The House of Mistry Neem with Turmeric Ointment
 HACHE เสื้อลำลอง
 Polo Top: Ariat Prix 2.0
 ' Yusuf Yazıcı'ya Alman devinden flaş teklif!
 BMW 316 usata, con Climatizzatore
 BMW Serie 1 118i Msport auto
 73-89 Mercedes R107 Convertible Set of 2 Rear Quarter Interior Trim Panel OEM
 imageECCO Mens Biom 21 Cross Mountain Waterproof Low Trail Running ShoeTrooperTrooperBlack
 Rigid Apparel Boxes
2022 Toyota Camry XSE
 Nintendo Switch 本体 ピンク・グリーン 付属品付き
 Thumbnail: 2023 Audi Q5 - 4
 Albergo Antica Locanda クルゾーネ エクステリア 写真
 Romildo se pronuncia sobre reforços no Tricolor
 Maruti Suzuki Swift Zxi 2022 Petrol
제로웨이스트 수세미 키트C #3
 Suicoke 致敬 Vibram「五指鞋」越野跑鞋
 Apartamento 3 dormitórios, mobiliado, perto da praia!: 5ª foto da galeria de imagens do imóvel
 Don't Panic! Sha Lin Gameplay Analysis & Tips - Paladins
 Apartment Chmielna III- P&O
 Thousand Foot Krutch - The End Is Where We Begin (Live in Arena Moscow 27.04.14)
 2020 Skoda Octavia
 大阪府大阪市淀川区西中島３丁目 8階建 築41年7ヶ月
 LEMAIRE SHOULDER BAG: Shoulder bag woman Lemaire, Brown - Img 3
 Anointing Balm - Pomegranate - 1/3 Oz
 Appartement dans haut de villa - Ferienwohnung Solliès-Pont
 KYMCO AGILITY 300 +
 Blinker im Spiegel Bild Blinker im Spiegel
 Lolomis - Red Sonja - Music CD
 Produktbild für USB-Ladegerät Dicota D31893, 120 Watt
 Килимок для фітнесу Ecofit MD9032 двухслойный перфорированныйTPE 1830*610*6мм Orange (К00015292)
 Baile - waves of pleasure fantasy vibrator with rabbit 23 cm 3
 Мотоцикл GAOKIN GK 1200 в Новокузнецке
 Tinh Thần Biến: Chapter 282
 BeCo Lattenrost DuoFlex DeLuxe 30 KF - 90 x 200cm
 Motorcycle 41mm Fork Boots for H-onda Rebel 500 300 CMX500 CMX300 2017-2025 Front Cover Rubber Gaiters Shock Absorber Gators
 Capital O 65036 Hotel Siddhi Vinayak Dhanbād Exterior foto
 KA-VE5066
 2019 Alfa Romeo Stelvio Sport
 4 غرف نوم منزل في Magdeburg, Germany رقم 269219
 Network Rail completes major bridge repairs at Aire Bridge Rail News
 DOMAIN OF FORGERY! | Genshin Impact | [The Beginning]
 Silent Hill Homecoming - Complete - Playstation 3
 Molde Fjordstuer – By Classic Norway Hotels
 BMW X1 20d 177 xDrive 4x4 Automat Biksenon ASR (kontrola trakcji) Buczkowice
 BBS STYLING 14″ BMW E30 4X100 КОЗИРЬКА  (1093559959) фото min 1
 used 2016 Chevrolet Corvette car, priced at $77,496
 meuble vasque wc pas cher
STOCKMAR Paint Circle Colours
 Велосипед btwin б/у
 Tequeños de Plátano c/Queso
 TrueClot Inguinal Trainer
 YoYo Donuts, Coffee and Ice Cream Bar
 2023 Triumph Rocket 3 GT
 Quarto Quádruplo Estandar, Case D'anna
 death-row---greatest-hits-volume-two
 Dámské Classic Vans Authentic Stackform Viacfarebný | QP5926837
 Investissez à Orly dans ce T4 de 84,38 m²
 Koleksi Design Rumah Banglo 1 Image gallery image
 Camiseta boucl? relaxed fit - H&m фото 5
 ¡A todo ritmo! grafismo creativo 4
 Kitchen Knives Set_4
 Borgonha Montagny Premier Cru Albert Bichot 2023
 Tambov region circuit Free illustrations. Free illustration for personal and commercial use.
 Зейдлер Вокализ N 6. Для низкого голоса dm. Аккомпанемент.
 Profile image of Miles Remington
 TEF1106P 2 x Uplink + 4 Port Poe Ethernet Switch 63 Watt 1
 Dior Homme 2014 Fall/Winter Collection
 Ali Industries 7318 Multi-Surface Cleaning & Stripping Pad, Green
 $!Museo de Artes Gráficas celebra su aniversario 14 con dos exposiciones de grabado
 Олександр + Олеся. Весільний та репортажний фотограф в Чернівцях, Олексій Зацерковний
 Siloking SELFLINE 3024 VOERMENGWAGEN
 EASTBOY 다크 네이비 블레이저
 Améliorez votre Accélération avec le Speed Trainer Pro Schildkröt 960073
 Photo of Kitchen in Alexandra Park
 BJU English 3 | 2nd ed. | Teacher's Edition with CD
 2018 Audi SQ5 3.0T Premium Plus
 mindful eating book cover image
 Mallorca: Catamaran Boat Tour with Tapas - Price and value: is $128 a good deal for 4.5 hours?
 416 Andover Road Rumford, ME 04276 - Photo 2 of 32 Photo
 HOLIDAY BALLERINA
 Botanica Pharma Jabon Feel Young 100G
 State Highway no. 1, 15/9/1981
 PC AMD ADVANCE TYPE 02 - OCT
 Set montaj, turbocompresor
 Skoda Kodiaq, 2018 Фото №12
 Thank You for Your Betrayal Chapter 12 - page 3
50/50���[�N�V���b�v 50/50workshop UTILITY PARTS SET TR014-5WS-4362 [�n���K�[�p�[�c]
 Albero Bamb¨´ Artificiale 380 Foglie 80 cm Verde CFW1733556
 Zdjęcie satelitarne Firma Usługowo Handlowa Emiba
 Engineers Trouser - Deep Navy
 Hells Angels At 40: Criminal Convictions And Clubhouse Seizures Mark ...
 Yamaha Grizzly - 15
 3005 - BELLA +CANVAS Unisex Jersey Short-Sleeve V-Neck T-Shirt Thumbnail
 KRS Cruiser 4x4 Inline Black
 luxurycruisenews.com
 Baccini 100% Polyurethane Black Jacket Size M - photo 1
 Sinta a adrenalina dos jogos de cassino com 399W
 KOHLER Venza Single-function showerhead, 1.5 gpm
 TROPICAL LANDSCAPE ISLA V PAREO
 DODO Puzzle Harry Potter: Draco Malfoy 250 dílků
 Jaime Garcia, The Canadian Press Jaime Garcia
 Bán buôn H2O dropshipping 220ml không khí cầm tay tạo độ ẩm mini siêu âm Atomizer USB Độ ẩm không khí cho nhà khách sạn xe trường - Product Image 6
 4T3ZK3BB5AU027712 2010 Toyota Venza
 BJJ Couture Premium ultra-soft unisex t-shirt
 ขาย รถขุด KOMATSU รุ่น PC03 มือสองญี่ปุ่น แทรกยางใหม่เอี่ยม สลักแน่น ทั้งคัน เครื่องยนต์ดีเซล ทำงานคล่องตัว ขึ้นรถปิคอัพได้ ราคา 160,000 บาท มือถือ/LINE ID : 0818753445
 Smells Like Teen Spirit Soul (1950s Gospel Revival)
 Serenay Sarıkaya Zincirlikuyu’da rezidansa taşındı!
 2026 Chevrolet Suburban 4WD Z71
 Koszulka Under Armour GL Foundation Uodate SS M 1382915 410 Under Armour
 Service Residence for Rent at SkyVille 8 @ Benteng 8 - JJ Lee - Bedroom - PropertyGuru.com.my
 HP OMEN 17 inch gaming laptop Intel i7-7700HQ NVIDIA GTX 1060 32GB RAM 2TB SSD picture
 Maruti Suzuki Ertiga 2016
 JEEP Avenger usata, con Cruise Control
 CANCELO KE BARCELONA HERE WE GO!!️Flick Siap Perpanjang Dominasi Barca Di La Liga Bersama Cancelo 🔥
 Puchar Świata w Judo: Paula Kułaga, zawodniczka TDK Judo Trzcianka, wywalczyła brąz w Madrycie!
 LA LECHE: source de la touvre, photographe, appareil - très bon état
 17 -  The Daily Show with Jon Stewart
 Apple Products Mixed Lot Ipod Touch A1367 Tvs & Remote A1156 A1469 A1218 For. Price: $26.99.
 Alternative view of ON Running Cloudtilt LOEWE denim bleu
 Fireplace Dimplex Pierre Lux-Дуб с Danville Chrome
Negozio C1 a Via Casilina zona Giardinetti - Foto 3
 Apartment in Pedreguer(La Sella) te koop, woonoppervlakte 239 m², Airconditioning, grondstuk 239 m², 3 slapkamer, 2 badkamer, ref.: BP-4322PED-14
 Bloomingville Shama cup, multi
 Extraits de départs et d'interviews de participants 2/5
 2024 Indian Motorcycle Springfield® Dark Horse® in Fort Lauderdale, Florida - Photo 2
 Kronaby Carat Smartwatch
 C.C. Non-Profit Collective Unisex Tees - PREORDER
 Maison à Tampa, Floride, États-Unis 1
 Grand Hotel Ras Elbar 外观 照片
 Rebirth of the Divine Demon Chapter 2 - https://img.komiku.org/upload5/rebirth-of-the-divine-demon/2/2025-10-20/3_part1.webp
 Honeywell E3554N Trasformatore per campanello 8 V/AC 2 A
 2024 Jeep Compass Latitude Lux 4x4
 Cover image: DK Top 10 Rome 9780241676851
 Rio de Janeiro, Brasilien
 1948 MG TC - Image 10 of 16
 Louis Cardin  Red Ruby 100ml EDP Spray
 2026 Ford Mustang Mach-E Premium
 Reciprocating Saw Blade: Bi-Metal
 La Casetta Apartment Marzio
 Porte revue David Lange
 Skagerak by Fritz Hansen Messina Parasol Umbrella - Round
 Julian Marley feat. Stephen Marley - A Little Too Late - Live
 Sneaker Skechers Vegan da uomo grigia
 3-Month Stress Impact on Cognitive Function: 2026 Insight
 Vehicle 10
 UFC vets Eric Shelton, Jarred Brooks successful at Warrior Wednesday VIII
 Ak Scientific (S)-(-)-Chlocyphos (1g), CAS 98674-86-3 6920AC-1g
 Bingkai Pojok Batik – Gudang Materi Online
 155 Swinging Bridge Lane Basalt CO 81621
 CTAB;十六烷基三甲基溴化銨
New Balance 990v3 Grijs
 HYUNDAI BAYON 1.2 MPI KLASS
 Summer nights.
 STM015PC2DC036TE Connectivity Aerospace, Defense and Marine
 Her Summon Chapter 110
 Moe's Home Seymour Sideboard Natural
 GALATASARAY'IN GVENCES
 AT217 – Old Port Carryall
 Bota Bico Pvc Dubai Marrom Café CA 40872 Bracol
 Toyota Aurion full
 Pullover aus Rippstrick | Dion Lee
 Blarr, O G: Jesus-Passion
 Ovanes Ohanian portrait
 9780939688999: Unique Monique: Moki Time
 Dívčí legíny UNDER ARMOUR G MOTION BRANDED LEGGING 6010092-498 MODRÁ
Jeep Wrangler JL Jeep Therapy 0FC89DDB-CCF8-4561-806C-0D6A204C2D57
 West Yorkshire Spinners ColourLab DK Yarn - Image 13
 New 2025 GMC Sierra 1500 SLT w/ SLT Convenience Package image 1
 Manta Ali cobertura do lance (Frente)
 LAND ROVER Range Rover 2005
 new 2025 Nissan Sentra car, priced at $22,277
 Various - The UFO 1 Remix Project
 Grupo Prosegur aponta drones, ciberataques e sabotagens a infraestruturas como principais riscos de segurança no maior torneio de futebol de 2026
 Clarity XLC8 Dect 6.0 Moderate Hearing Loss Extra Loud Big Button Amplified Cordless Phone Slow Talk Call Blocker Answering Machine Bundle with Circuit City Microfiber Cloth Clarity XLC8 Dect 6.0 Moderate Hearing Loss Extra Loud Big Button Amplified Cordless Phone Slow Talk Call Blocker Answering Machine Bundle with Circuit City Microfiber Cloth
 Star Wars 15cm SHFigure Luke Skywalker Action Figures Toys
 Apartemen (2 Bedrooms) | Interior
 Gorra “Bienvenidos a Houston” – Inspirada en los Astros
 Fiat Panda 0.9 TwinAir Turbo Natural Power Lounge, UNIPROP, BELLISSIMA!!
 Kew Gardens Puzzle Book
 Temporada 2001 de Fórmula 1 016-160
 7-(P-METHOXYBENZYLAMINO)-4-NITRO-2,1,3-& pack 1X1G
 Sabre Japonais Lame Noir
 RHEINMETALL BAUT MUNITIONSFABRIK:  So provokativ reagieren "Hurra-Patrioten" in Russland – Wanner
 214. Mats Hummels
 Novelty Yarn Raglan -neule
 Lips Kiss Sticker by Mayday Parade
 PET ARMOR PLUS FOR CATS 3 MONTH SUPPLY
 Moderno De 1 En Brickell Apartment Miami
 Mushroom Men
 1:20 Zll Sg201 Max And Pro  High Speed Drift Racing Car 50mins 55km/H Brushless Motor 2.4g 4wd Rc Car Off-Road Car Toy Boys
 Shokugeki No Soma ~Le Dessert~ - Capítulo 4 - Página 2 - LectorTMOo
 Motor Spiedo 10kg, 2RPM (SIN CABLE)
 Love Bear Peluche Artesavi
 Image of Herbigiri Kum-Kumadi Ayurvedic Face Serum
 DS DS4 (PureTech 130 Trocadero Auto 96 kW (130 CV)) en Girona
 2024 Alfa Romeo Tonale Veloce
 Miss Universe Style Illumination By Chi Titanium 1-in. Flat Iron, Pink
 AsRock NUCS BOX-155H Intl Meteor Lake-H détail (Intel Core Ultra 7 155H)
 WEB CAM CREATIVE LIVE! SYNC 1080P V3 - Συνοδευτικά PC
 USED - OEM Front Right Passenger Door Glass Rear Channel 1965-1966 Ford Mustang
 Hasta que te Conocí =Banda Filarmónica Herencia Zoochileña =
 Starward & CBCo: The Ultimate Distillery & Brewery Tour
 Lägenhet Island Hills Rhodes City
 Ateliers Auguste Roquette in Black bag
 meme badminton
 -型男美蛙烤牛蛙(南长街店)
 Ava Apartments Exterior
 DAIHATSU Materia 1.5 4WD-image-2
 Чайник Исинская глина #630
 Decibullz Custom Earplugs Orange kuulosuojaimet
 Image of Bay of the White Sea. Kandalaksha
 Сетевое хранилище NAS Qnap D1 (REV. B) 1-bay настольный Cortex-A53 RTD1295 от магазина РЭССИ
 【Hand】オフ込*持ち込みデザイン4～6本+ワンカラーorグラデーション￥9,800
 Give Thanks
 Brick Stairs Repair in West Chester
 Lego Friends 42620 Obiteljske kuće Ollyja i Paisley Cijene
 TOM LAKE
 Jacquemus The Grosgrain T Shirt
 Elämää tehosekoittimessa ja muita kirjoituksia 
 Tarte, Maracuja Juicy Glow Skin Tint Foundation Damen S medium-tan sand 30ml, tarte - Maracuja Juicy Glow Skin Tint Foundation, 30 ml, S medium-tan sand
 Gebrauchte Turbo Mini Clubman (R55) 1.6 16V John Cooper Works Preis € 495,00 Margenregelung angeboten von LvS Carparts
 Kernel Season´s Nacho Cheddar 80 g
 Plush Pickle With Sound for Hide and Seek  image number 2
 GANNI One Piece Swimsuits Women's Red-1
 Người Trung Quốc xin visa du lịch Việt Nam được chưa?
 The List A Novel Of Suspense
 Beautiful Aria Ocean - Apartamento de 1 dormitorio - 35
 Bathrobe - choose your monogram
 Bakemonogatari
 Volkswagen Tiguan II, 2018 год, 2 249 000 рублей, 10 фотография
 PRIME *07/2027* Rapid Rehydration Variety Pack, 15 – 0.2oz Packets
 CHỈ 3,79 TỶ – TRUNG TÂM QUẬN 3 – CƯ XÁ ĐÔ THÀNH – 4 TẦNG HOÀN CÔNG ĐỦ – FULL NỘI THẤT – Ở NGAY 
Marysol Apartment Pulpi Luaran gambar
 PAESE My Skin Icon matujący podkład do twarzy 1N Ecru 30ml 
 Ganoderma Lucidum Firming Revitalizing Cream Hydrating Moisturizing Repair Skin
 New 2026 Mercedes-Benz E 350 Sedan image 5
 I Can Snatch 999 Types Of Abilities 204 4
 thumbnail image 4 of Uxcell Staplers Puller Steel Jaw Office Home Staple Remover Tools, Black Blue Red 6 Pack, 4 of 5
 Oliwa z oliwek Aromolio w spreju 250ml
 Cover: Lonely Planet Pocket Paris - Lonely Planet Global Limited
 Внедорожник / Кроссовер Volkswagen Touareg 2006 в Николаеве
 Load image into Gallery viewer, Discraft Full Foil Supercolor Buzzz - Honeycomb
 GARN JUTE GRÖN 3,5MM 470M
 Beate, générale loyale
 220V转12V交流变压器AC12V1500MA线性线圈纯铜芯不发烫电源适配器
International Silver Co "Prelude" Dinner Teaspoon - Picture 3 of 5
——
## Work required
From the listing above, the lines starting with the one that has "2024 Alfa Romeo Tonale Veloce" and running through the one that has "Elämää tehosekoittimessa ja" should be copied exactly, ends included.

## Completed task
 2024 Alfa Romeo Tonale Veloce
 Miss Universe Style Illumination By Chi Titanium 1-in. Flat Iron, Pink
 AsRock NUCS BOX-155H Intl Meteor Lake-H détail (Intel Core Ultra 7 155H)
 WEB CAM CREATIVE LIVE! SYNC 1080P V3 - Συνοδευτικά PC
 USED - OEM Front Right Passenger Door Glass Rear Channel 1965-1966 Ford Mustang
 Hasta que te Conocí =Banda Filarmónica Herencia Zoochileña =
 Starward & CBCo: The Ultimate Distillery & Brewery Tour
 Lägenhet Island Hills Rhodes City
 Ateliers Auguste Roquette in Black bag
 meme badminton
 -型男美蛙烤牛蛙(南长街店)
 Ava Apartments Exterior
 DAIHATSU Materia 1.5 4WD-image-2
 Чайник Исинская глина #630
 Decibullz Custom Earplugs Orange kuulosuojaimet
 Image of Bay of the White Sea. Kandalaksha
 Сетевое хранилище NAS Qnap D1 (REV. B) 1-bay настольный Cortex-A53 RTD1295 от магазина РЭССИ
 【Hand】オフ込*持ち込みデザイン4～6本+ワンカラーorグラデーション￥9,800
 Give Thanks
 Brick Stairs Repair in West Chester
 Lego Friends 42620 Obiteljske kuće Ollyja i Paisley Cijene
 TOM LAKE
 Jacquemus The Grosgrain T Shirt
 Elämää tehosekoittimessa ja muita kirjoituksia 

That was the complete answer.